My thoughts exactly. The tightening of the rental market is, IMHO, a short-term condition. Would-be first time buyers are presently locked-out of the housing market and vacancies are low. As failed flippers give-up on the prospect of a break-even sale, rental inventory will increase.
Perhaps one of my most controversial positions. Rents will go up. Rents have already been going up after a prolonged period of flat or slightly declining pricing. Rents didn't go up because landlords like me had very low long term cost basises. We long term real landlords have been recently getting out. The new owners have unbelievably high costs. The last house I sold, the new owner took on property taxes that alone consume 30% of the gross rent. As the cost basis shifts the increases will be passed on. The BLS and Fed are currently worried about the devils bargain they made using OER, Owners Equivalent Rent. At ~27% of the CPI it has been a recent large contributor to inflation measures. In the short term you may find some cheap housing but if you think a flopper is going to sign a lease for the entire school year you are mistaken. He cannot afford it and you don't want to rent anything that may cause you to uproot your family with 30 days notice.
Robert,
I still disagree with you on this topic. It is supply vs. demand that determines prices, not input prices. For example, what would it have cost to have a wagon wheel made in 1970? Or, a ox-pulled plowshare in 1985?

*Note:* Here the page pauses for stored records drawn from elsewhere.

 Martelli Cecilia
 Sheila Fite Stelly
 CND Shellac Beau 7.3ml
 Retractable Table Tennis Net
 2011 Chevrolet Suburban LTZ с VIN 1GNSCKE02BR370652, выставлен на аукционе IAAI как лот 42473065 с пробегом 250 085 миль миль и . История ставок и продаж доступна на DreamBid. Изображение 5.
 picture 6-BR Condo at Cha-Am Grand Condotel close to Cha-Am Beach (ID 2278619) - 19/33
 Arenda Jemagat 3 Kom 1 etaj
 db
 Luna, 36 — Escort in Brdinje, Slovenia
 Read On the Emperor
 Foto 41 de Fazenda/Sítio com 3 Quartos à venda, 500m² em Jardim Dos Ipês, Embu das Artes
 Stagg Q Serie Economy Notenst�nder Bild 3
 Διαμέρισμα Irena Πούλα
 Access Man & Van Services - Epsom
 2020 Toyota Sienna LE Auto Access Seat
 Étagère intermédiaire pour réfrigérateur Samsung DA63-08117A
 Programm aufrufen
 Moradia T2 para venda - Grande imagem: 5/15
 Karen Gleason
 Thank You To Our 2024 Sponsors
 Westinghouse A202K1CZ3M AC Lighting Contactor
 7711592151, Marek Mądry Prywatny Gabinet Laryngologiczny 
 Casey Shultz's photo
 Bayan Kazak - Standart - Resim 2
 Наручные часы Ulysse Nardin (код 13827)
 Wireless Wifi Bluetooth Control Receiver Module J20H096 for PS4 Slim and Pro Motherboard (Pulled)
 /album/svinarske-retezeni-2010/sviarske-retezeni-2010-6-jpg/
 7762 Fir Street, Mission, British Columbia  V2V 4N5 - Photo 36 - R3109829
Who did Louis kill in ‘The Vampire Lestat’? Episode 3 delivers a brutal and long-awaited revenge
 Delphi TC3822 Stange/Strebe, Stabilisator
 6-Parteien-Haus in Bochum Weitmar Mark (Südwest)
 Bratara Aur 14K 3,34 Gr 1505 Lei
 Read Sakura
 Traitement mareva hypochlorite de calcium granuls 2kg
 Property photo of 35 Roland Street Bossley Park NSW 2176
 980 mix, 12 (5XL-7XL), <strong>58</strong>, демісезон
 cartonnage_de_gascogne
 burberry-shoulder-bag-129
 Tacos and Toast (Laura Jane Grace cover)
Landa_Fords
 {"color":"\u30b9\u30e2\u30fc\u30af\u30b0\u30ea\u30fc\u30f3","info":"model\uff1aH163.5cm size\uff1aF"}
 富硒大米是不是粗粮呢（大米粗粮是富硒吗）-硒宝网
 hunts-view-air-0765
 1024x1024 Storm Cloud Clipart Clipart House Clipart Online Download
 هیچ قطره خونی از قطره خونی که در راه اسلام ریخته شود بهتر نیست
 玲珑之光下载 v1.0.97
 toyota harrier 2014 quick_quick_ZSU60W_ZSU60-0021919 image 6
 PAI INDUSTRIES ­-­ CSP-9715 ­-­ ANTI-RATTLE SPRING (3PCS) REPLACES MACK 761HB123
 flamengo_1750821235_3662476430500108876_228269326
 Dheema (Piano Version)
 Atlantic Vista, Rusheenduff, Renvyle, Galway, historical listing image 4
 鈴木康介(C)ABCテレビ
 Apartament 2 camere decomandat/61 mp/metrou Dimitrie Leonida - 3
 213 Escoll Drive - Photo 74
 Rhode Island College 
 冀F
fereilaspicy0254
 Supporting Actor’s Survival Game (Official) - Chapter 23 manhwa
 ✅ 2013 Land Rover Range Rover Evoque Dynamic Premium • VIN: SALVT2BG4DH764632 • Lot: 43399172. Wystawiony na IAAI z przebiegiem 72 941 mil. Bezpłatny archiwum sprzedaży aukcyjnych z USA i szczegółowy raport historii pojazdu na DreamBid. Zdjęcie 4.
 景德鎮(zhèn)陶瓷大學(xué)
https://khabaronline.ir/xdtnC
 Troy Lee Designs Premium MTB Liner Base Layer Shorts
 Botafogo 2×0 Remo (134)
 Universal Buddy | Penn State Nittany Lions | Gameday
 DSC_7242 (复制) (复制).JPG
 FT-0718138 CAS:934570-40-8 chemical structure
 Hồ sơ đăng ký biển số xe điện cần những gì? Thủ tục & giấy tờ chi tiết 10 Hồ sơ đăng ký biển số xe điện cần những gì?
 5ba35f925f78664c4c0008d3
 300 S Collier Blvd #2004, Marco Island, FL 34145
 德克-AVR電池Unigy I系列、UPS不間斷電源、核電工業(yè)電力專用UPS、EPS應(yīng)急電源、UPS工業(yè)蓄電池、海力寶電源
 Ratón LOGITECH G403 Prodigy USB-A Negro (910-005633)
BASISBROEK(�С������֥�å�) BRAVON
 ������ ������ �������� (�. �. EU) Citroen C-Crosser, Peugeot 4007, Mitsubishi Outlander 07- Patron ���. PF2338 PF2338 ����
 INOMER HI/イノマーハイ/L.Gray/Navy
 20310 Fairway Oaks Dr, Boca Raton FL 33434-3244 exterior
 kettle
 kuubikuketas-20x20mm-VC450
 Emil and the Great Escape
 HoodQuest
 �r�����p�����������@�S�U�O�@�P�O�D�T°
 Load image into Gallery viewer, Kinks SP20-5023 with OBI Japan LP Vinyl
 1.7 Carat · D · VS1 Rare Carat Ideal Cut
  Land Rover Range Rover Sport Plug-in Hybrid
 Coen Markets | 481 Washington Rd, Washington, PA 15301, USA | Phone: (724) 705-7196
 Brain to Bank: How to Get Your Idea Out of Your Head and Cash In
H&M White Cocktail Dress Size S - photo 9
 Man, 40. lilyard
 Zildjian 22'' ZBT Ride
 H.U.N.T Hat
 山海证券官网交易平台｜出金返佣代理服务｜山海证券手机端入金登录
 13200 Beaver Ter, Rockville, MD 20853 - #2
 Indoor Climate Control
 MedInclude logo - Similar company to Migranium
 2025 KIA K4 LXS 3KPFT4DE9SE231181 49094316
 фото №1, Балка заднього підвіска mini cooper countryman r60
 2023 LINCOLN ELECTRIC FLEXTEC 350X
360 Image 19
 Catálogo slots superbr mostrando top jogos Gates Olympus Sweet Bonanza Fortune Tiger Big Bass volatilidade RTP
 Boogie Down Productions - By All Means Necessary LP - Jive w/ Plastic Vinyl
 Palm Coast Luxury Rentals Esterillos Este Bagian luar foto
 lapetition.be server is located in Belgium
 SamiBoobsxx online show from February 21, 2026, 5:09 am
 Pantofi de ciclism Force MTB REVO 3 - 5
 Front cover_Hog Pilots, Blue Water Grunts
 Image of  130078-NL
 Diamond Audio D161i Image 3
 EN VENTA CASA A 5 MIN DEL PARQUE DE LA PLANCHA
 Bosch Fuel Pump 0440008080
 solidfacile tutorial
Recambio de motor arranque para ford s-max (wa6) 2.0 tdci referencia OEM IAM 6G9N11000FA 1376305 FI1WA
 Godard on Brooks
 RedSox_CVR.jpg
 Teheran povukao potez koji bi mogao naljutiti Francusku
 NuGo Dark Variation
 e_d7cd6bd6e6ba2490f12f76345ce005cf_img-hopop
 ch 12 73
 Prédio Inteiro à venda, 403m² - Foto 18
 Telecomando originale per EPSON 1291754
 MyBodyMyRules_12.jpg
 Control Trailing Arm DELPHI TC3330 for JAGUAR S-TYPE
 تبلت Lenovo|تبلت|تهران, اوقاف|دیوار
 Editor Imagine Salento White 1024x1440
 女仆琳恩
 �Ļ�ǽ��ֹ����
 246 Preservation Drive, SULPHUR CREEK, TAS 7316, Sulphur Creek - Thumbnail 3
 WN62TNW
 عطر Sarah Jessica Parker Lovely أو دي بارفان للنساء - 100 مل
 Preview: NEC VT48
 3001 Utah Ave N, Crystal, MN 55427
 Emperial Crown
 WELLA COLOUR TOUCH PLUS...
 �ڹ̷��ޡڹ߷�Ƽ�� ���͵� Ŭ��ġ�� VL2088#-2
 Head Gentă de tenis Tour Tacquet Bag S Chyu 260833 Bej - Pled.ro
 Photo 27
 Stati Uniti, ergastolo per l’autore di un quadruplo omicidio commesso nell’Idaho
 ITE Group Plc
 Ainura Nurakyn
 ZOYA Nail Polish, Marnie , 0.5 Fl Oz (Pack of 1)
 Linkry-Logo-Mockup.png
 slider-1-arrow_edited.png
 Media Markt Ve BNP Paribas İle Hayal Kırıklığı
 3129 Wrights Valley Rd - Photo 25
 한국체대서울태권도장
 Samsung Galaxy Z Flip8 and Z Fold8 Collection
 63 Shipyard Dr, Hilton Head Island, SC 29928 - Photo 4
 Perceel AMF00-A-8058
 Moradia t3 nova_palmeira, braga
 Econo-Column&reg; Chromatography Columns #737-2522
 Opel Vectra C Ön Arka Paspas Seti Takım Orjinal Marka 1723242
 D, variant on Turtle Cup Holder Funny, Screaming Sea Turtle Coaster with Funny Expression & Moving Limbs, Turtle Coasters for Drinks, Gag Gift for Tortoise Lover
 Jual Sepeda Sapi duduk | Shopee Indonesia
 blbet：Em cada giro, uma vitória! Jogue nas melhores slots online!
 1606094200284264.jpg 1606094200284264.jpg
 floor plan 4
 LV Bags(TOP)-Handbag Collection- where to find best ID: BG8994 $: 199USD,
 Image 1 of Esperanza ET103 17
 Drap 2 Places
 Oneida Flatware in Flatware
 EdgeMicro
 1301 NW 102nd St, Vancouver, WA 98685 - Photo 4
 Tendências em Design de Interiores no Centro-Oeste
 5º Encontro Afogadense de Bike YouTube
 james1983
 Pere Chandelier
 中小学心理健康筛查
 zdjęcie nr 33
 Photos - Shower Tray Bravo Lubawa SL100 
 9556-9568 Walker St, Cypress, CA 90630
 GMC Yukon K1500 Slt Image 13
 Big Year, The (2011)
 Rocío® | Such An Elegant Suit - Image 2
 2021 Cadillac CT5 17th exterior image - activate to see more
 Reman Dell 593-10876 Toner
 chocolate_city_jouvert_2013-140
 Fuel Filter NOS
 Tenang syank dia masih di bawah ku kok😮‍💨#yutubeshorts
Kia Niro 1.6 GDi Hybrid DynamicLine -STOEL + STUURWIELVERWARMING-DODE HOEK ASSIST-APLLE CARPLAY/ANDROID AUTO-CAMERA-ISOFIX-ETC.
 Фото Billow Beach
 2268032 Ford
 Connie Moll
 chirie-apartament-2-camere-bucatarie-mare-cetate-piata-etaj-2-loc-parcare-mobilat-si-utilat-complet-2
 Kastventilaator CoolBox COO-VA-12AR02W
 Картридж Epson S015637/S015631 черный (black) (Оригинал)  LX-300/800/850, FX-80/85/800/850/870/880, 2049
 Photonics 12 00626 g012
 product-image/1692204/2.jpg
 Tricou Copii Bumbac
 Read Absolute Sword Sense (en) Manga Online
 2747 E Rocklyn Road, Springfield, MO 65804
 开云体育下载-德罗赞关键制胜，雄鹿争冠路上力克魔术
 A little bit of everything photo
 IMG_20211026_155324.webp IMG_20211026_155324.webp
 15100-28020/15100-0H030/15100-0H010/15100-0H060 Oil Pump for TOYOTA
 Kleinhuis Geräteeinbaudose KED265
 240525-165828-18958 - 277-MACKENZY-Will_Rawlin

If rental housing stock exceeds the rental demand, prices fall, that's a simple economics principle. There are some excellent examples of that; look at small urban centers in places like the Southern Tier of New York, or upstate for that matter, as well as many places in Pennsylvania. Real rents have been falling in some places for 30 or more years because of excessive supply. Nominal rents are down for the past 15 years due to major pullouts in several cities.
In a balanced market, you're right that costs get pushed through, but in an unbalanced market with substantial new stock, it doesn't matter what someone paid for it.
Hoping rents will rise because someone paid a lot for something is like buying a stock at an inflated price and hoping company earnings increase because you bought it for so much.
John Doe,
You are in the majority with your analysis. Nearly everyone thinks declining purchase prices translate to lower rents. This is perhaps my most controversial position. First remember that a half dozen years of rapidly rising purcase prices didn't show up as rising rents. With that why should the reverse obey the rules? Second, remember rents need to track costs. When I sold my last rental for 4x what I paid the person who bought it needs to be the new baseline. Good thing I have thick skin and a long perspective. My opinion of rent v. price is so controversial that you need to understand my circumstance. I "had" a fully amortized rental that cost less than $2000 per year and generated $10,000 per year. I sold this pig. Pig? Huh? Yes, pig. 273 times rent to sell the pig. A good rent is 90x, a fair rent is 100x and given special circumstances like Prop 13 and such 120 is a sustainable rent. If things only revert to mean I'll buy two with the proceeds. I expect ot buy three but I'm an optimist (pessimist?).